Comments (13)
there are many tiemout failure for querycoordv2 to call datacoord.
Suggestions:
- stop calling flush manually, if any
- stop creating more collections, if you are doing multitenancy, think of using partition keys.
- if cluster still can not recovered after that, please to a pprof for datacoord (port 9091), see what is the current performance bottle neck for datacoord.
- change queryCoord.brokerTimeout to longer time (by default 5s). this might be a bad idea but your cluster might be able to recover.
- check how many segments you have with birdwatcher. https://github.com/milvus-io/birdwatcher
This cluster is a little bit mess up, but over all it looks like datacoord has a bottle neck with too many collections and segments.

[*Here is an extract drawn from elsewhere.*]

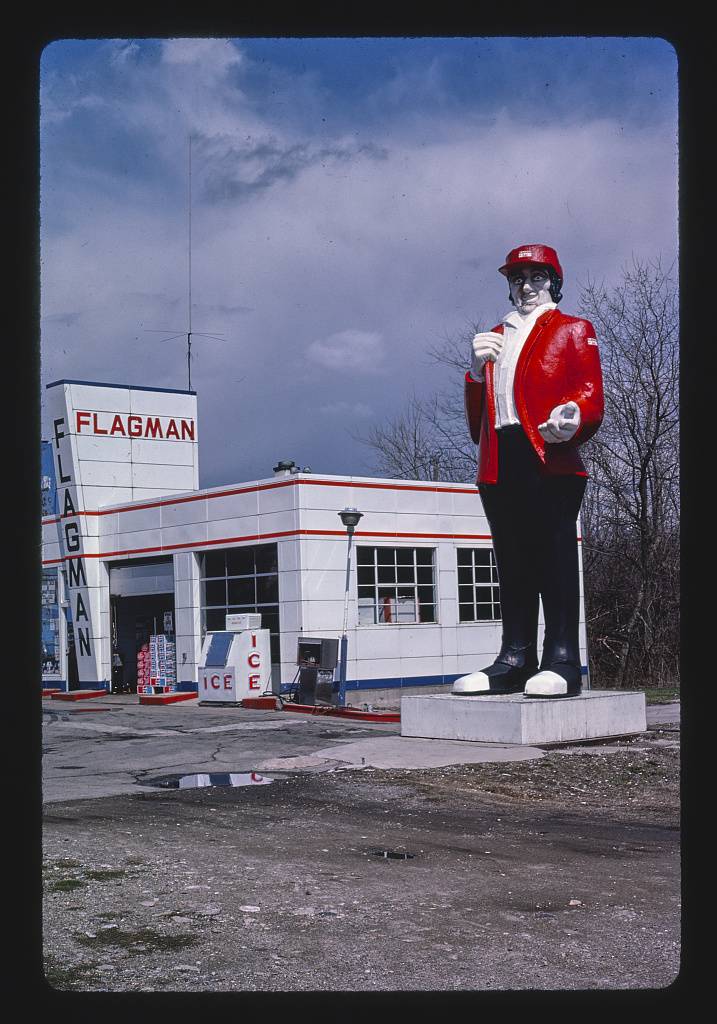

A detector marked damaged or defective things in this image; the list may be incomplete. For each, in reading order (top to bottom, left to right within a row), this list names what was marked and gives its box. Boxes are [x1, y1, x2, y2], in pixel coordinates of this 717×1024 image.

cracked asphalt [40, 696, 684, 992]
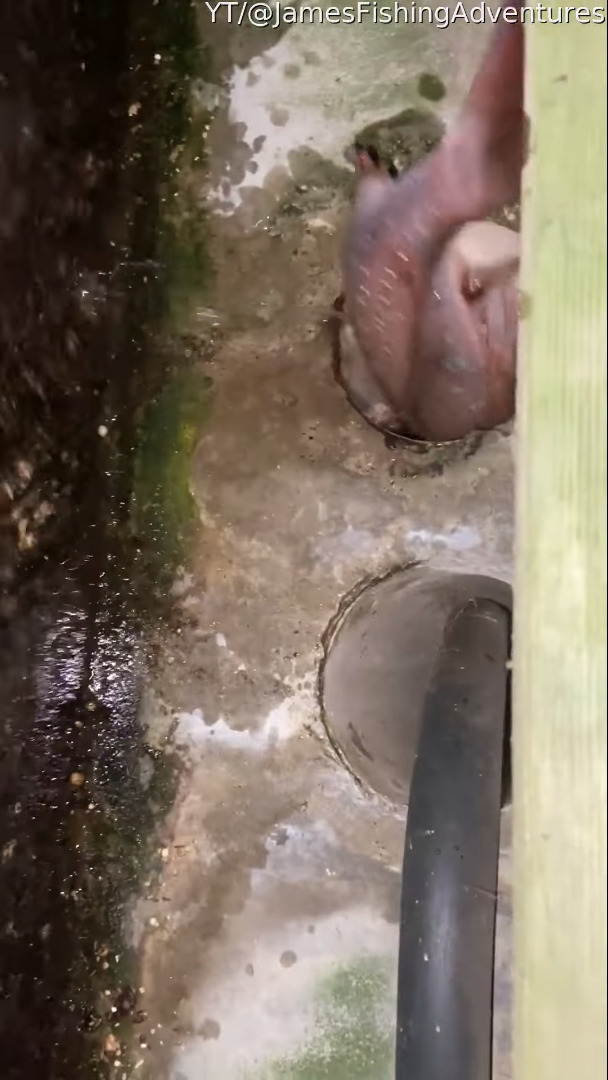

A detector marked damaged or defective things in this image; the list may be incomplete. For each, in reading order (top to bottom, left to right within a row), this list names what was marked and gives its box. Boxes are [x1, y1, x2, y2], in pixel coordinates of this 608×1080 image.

If it possible I would recommend to rebuild a new cluster and rethink about your schema
from milvus.
did you do load partition before insert?
from milvus.
did you do load partition before insert?
Yes, partition is a chat on our CVP. And follow up questions on a chat will eventually lead to insert and manual flush operations.
from milvus.
/assign @ganderaj
please try as comments anove
from milvus.
I think for some reason you have too many segments in your cluster, this could happen becasue of:
- you have too many small collections -> Milvus cluster should not exceed 10000 collections
- you call flush on very time you do small insertion -> from the log each segment is only 10s of entities, for example
[2024/06/21 15:50:01.531 +00:00] [INFO] [datacoord/index_service.go:605] ["completeIndexInfo success"] [collectionID=449705667927213932] [indexID=449705667927213961] [totalRows=3] [indexRows=3] [pendingIndexRows=0] [state=Finished] [failReason=]
[2024/06/21 15:50:01.531 +00:00] [INFO] [datacoord/index_service.go:732] ["DescribeIndex success"] [traceID=1c70deb1a01aab13fb497332856d7b39] [collectionID=449705667927213932] [indexName=]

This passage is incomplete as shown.